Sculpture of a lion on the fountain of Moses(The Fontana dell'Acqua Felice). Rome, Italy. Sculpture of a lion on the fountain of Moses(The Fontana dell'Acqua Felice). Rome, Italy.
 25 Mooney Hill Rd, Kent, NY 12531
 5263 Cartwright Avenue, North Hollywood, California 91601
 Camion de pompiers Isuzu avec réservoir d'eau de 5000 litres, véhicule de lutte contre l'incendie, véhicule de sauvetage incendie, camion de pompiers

▸ **THE PROBLEM**
Print the material exactly as written, omitting nothing.

▸ **COMPLETED TASK**
Sculpture of a lion on the fountain of Moses(The Fontana dell'Acqua Felice). Rome, Italy. Sculpture of a lion on the fountain of Moses(The Fontana dell'Acqua Felice). Rome, Italy.
 25 Mooney Hill Rd, Kent, NY 12531
 5263 Cartwright Avenue, North Hollywood, California 91601
 Camion de pompiers Isuzu avec réservoir d'eau de 5000 litres, véhicule de lutte contre l'incendie, véhicule de sauvetage incendie, camion de pompiers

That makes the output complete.